** Exercise prompt **
Leave the pictures out and print, word for word, the lines below from the one with "2023 RAM 2500" through the final line.

[Short descriptive text snippets]
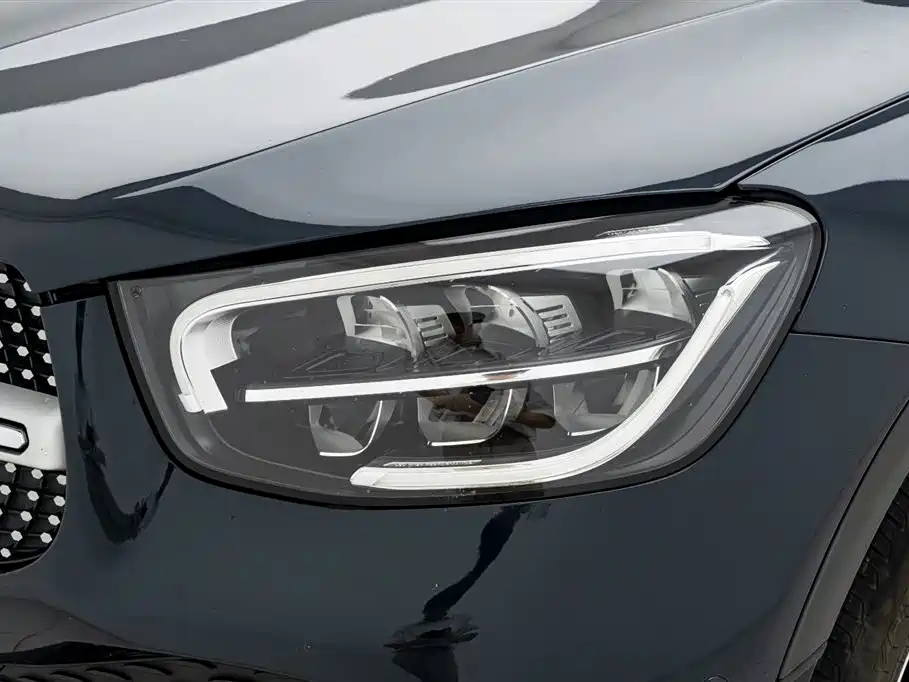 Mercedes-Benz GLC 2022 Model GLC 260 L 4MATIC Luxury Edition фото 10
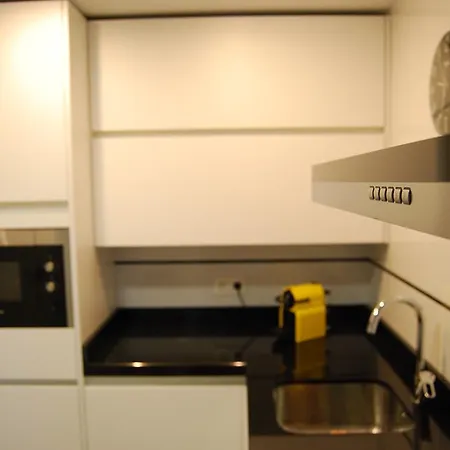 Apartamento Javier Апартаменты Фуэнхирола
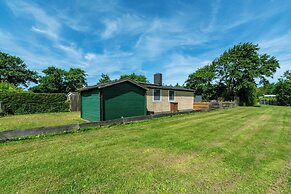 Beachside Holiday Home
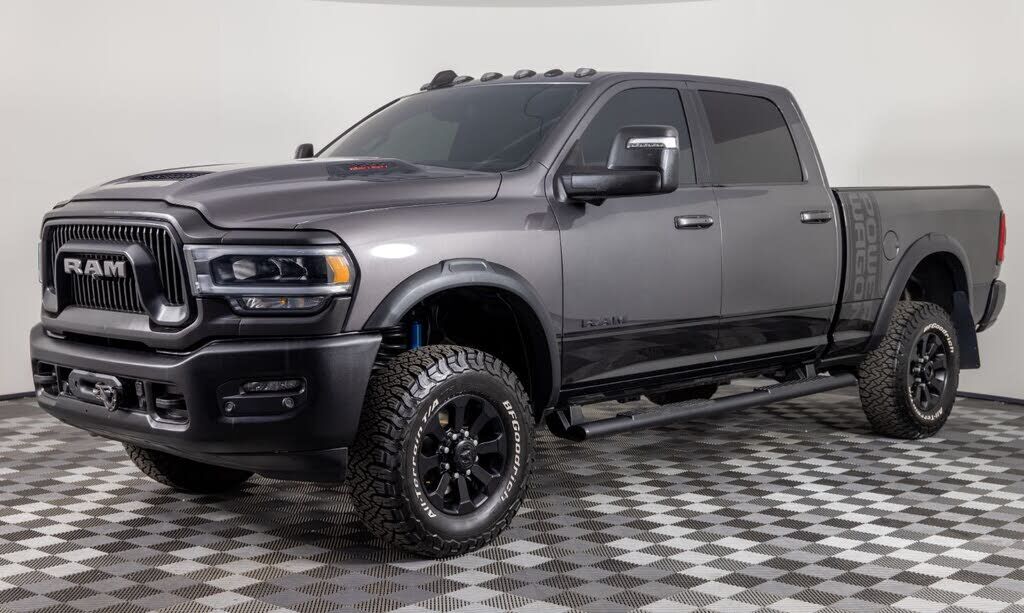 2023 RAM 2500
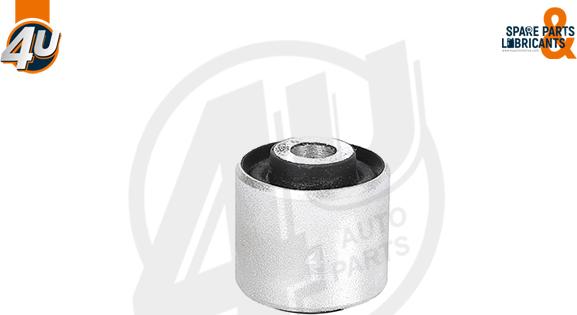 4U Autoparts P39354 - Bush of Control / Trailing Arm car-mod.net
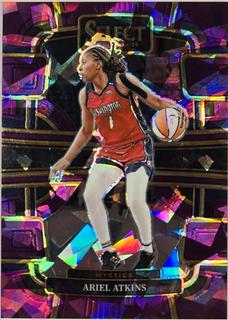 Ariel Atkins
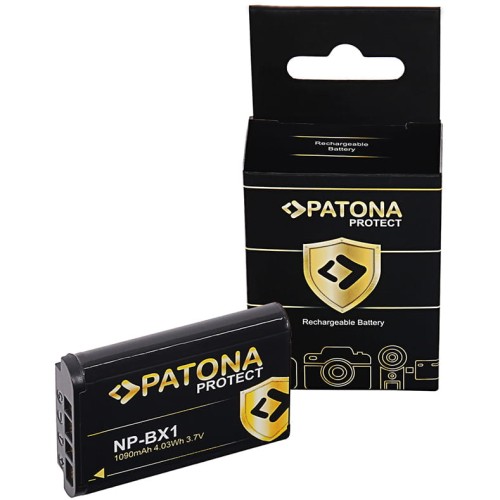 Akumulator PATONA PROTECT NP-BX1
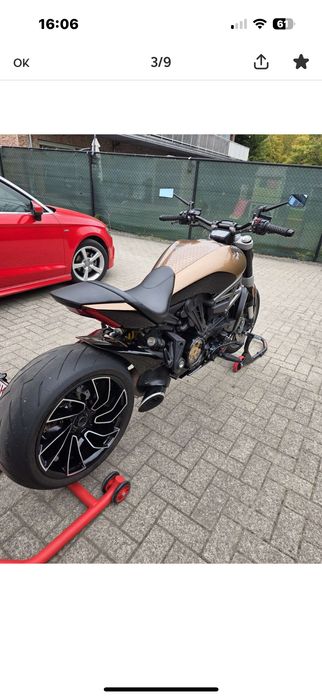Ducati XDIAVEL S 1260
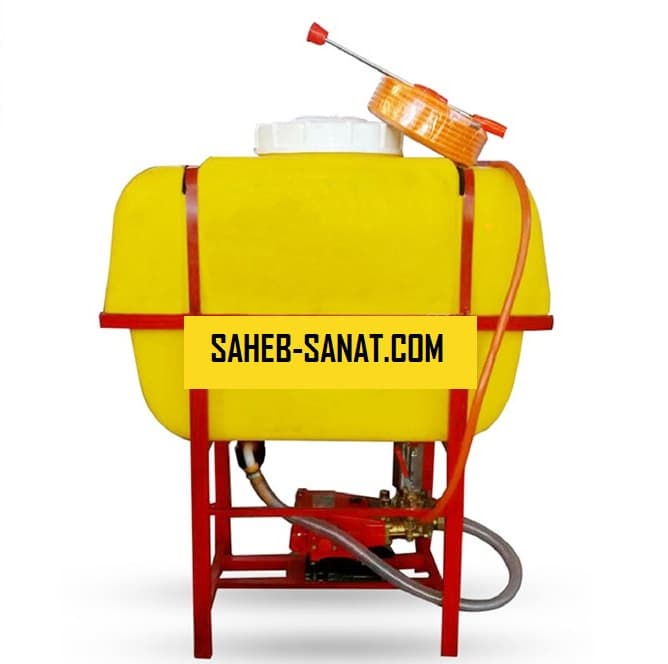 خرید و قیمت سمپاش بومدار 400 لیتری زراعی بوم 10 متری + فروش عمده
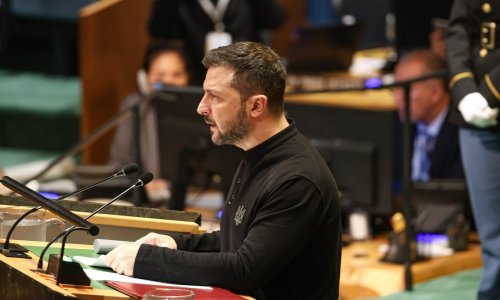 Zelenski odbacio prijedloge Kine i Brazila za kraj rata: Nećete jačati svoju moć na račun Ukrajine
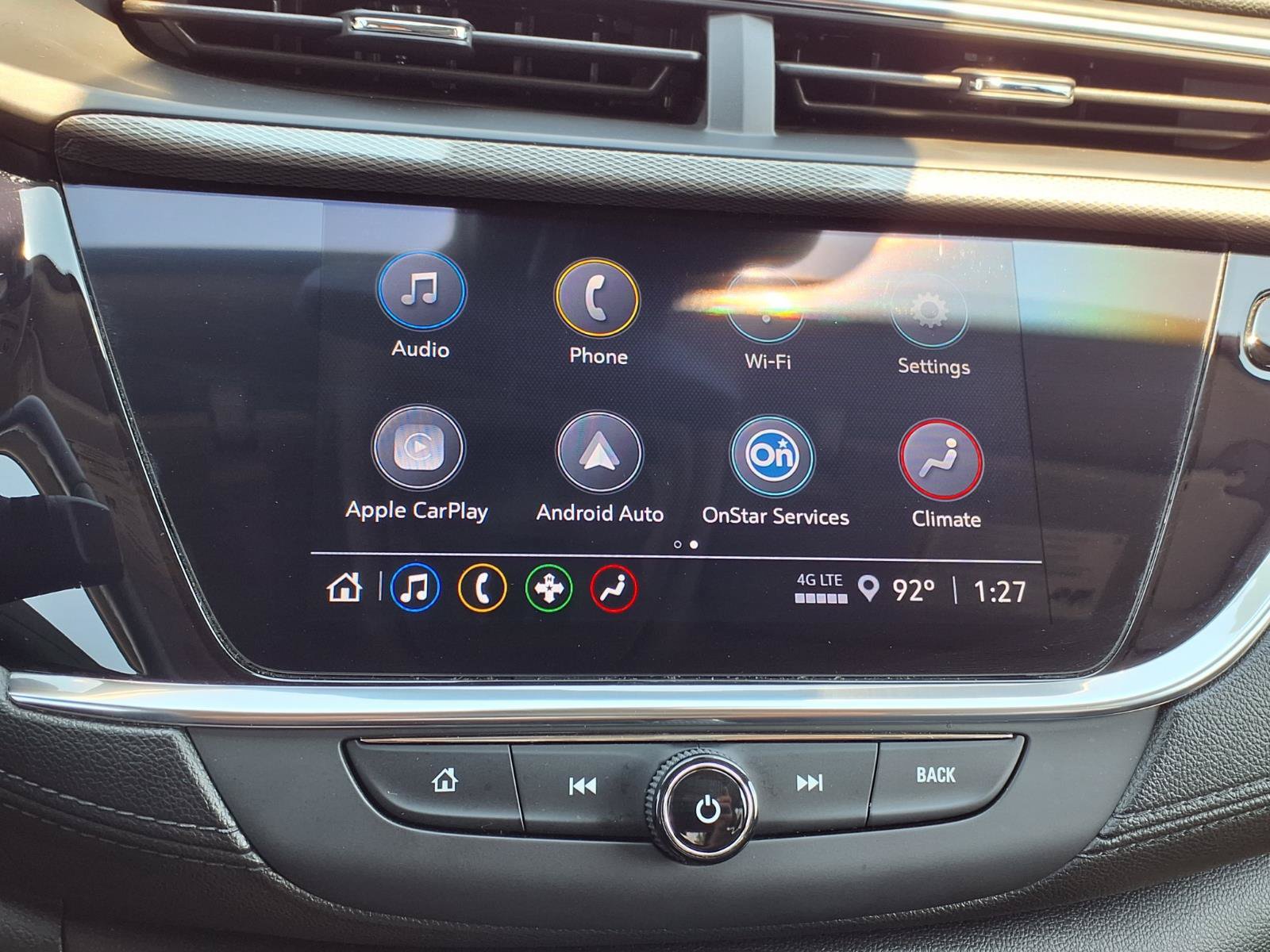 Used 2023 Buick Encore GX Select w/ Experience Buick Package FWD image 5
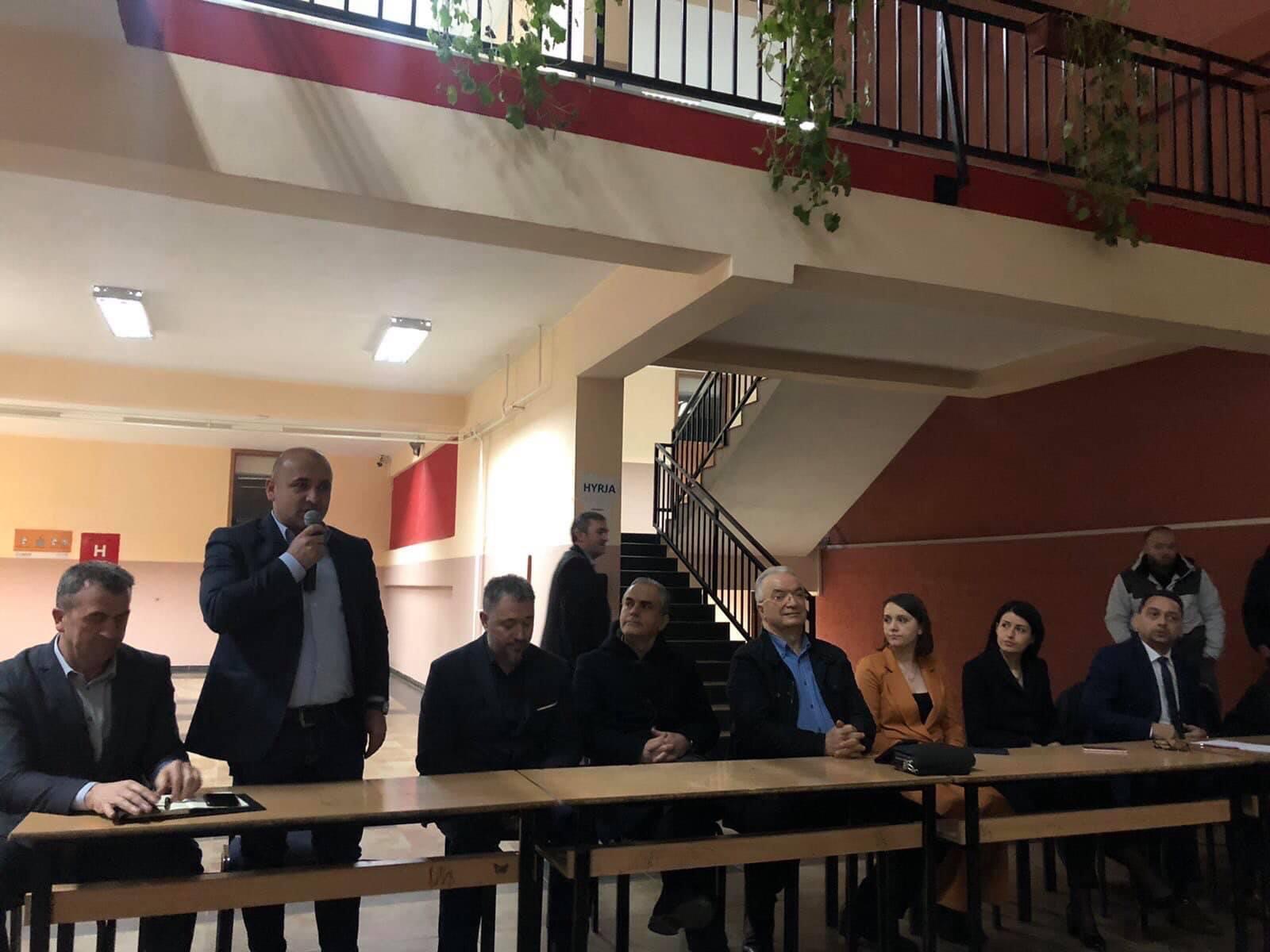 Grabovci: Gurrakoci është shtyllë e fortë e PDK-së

** Task result **
 2023 RAM 2500
 4U Autoparts P39354 - Bush of Control / Trailing Arm car-mod.net
 Ariel Atkins
 Akumulator PATONA PROTECT NP-BX1
Ducati XDIAVEL S 1260
 خرید و قیمت سمپاش بومدار 400 لیتری زراعی بوم 10 متری + فروش عمده
 Zelenski odbacio prijedloge Kine i Brazila za kraj rata: Nećete jačati svoju moć na račun Ukrajine
 Used 2023 Buick Encore GX Select w/ Experience Buick Package FWD image 5
 Grabovci: Gurrakoci është shtyllë e fortë e PDK-së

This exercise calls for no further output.